- _EXERCISE INSTRUCTIONS_:
Produce an exact transcription of the listing below, omitting the pictures.

::::

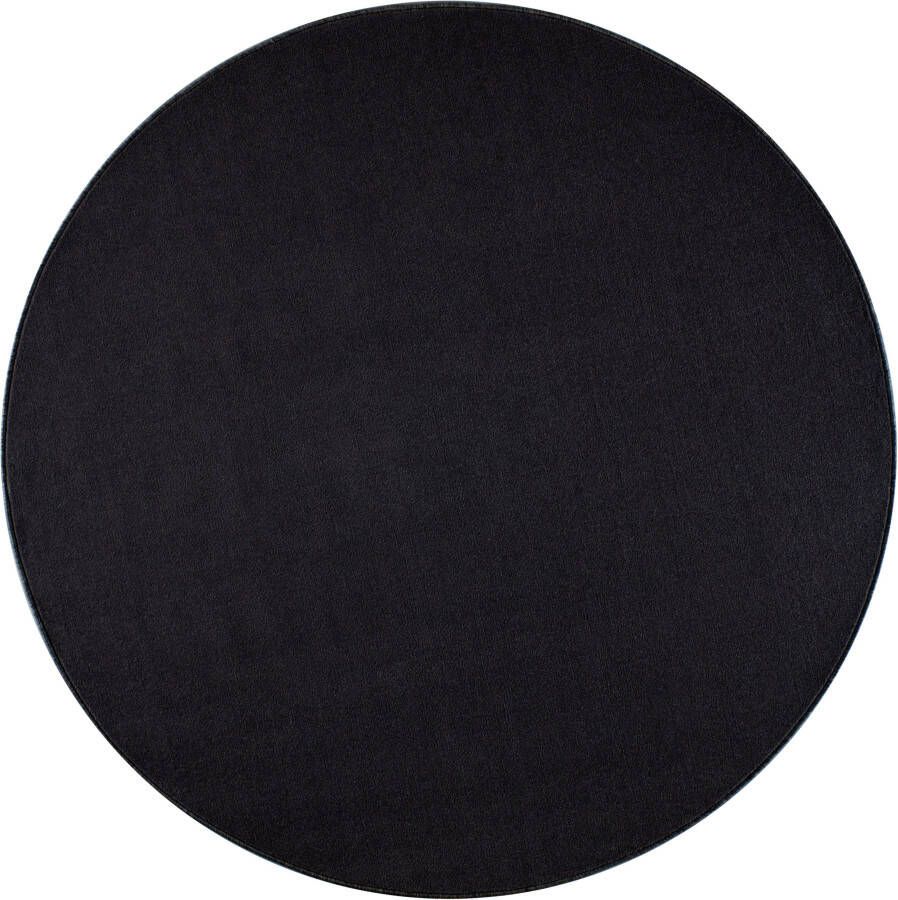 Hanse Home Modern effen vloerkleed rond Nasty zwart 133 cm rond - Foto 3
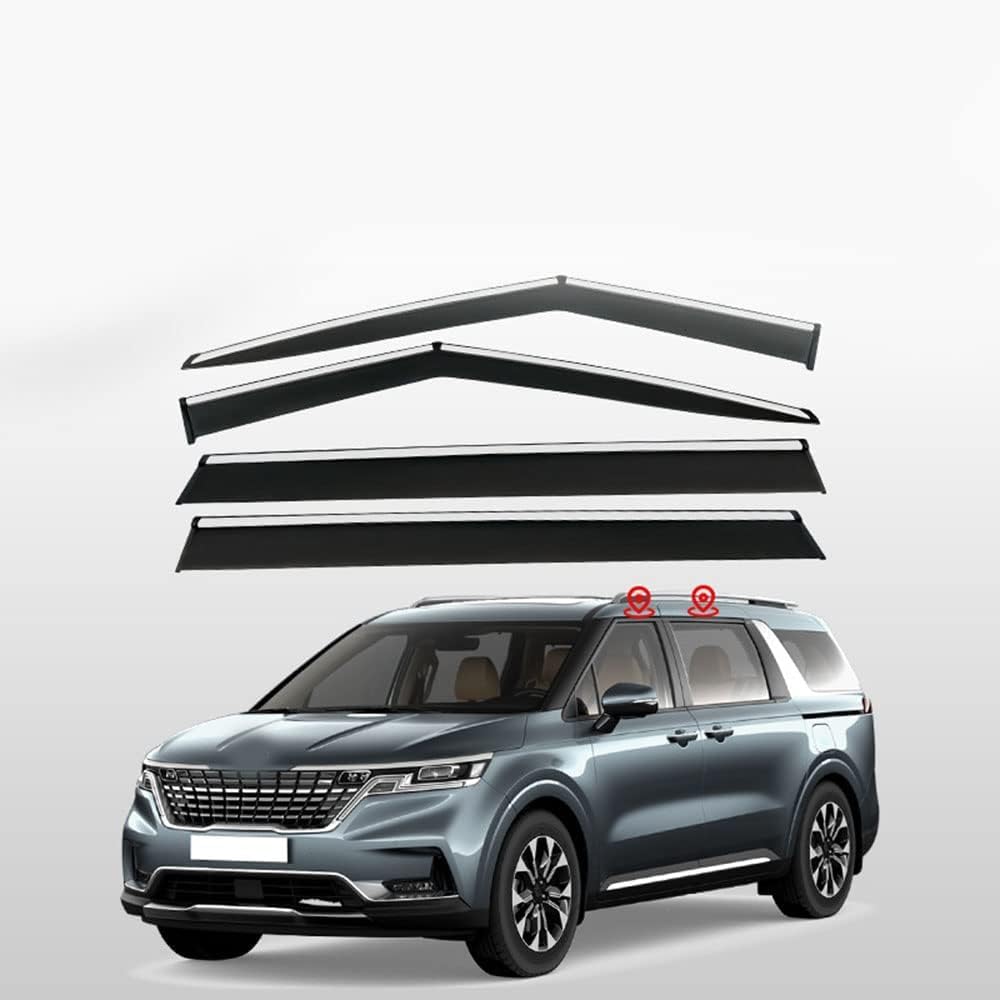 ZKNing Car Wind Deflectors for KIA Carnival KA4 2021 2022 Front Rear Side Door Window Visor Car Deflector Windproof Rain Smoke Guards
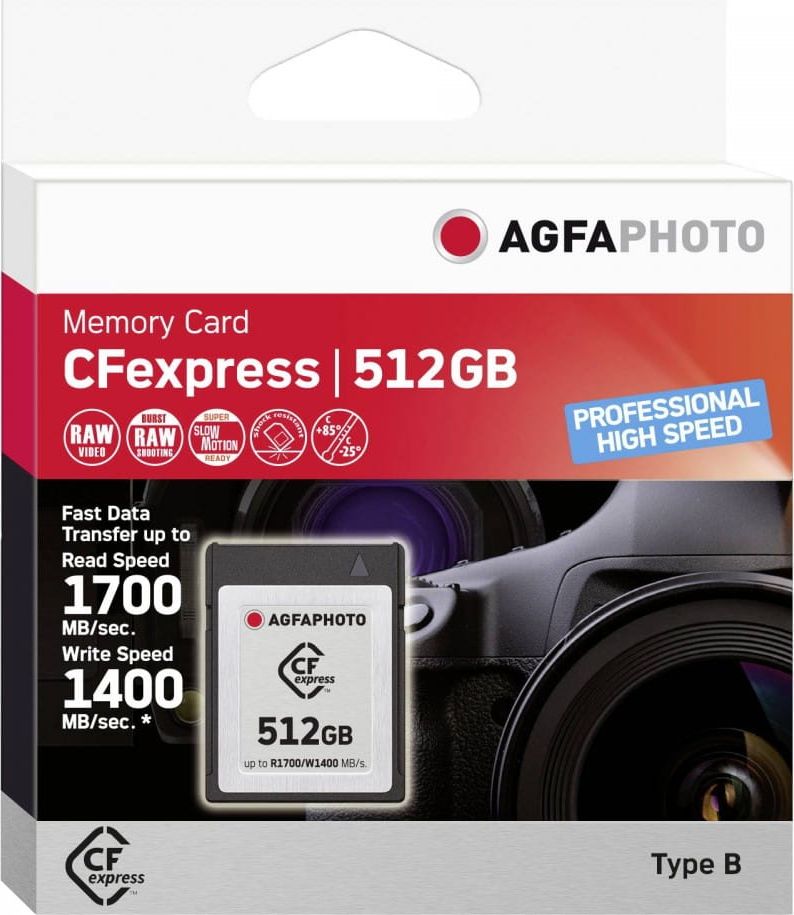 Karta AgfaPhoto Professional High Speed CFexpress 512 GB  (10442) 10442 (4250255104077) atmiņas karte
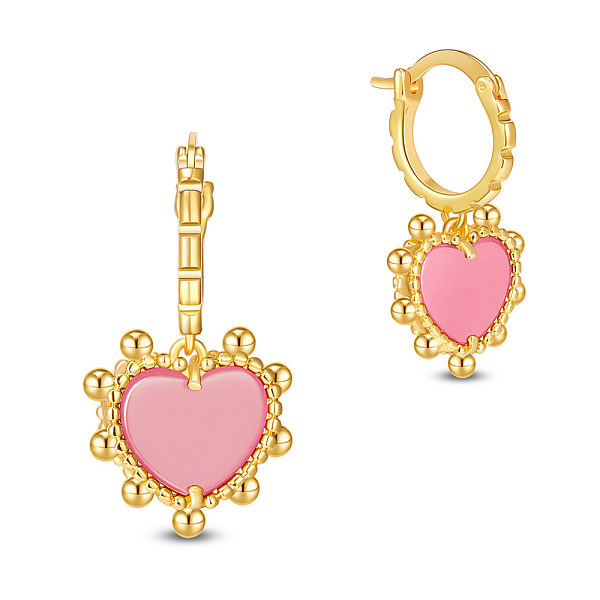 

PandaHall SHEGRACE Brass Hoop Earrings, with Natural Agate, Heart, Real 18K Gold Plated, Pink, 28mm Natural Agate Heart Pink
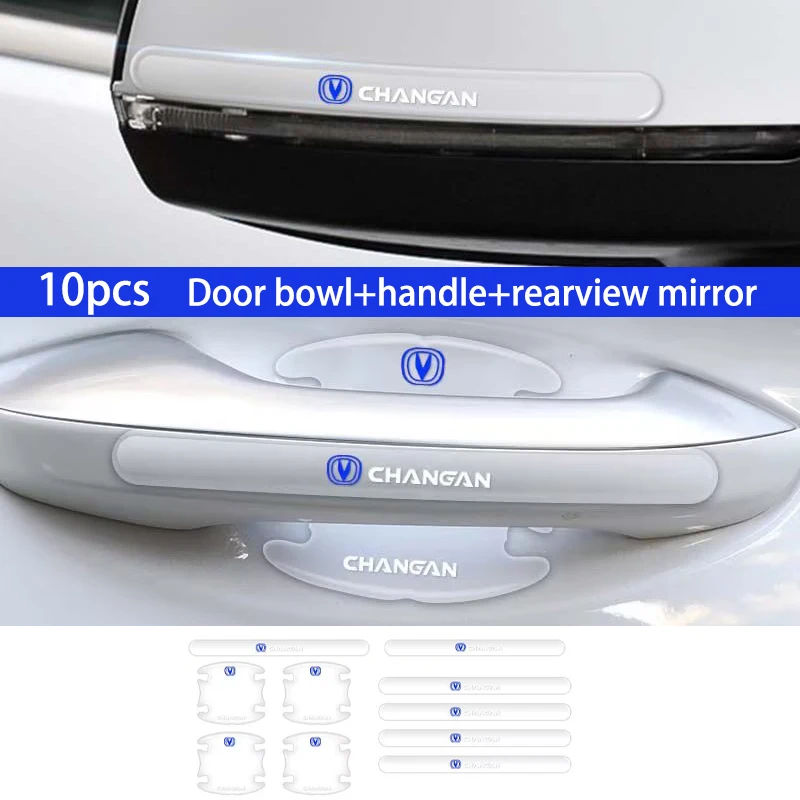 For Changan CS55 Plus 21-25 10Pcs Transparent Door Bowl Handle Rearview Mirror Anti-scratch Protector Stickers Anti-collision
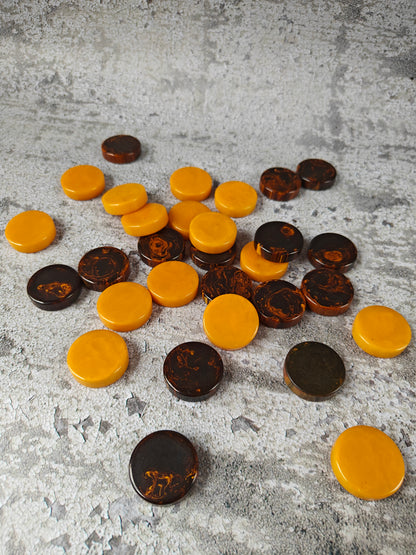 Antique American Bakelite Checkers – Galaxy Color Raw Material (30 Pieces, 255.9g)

::::

- _ANSWER SPACE_:
 Hanse Home Modern effen vloerkleed rond Nasty zwart 133 cm rond - Foto 3
 ZKNing Car Wind Deflectors for KIA Carnival KA4 2021 2022 Front Rear Side Door Window Visor Car Deflector Windproof Rain Smoke Guards
 Karta AgfaPhoto Professional High Speed CFexpress 512 GB  (10442) 10442 (4250255104077) atmiņas karte

PandaHall SHEGRACE Brass Hoop Earrings, with Natural Agate, Heart, Real 18K Gold Plated, Pink, 28mm Natural Agate Heart Pink
 For Changan CS55 Plus 21-25 10Pcs Transparent Door Bowl Handle Rearview Mirror Anti-scratch Protector Stickers Anti-collision
 Antique American Bakelite Checkers – Galaxy Color Raw Material (30 Pieces, 255.9g)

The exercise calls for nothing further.